Le projet du positivisme est d’expliquer le réel, pour cela, il se fonde sur deux postulats (Thiétart et al. 1999) :

o Les phénomènes sociaux peuvent être considérés comme des choses ; o Il est possible de dégager des lois, des régularités pour expliquer le monde. Dans une démarche positiviste, le chercheur et l’objet de recherche sont indépendants. La valeur de la connaissance produite repose sur des critères de vérifiabilité, de confirmabilité et de réfutabilité (Thiétart et al. 1999). Les recherches sont reproductibles, généralisables et cumulatives.

Le paradigme interprétativiste vise à connaître les pratiques et prend en compte les motivations, les attentes, les raisons des acteurs. L’interprétativisme s’oppose au positivisme car son projet est avant tout de comprendre. Les hypothèses ne sont pas ontologiques mais phénoménologiques. L’essence de l’objet ne peut être atteinte et il existe une dépendance entre le chercheur et son objet. La connaissance est engrangée par la recherche et l’interprétation des motivations des acteurs (Thiétart et al. 1999). Les critères de validité tiennent à l’empathie, révélatrice de l’expérience vécue par les acteurs, et la cohérence de l’interprétation au regard du contexte. Ainsi, à la différence du positivisme, le projet de généralisation des résultats est abandonné : « Les phénomènes étudiés n’étant pas constants,

on préfère penser, plutôt qu’en termes de validité externe des résultats, en termes de « transférabilité », c'est-à-dire considérer la pertinence de leur application pour interpréter des situations comparables dans des milieux différents » (Jodelet, 2003).

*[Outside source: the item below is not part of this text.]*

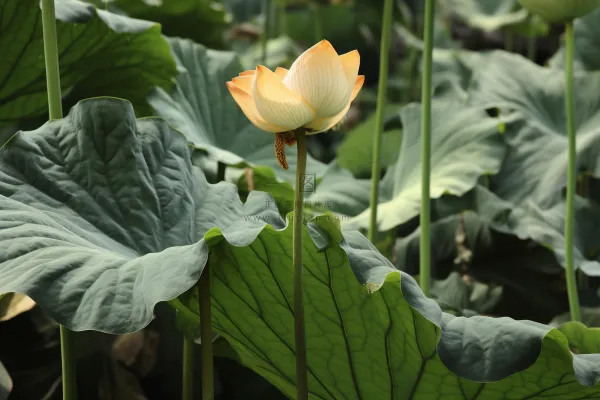 绿色简约节气清新意境背景 绿色简约节气清新意境背景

Le constructivisme constitue le troisième principal paradigme en sciences de gestion. Bien qu’il existe plusieurs écoles constructivistes, l’une de leurs caractéristiques communes est d’appréhender la réalité comme une construction des acteurs : « Le chercheur produit des

explications qui ne sont pas la réalité mais un construit sur une réalité susceptible de l’expliquer » (Wacheux, 1996). L’épistémologie constructiviste, au contraire du positivisme,

abandonne la croyance en un accès possible au réel, pour le constructivisme radical, le réel n’existe pas. Le chercheur accepte de travailler avec des représentations. Ce postulat de base implique que les éléments sont liés entre eux, les phénomènes ne peuvent donc être étudiés que comme des totalités, irréductibles à des causalités simples (Wacheux, 1996). A la différence de l’interprétativisme, le constructivisme donne un statut privilégié à la construction, la validité de la recherche s’appuie sur la force explicative de la construction.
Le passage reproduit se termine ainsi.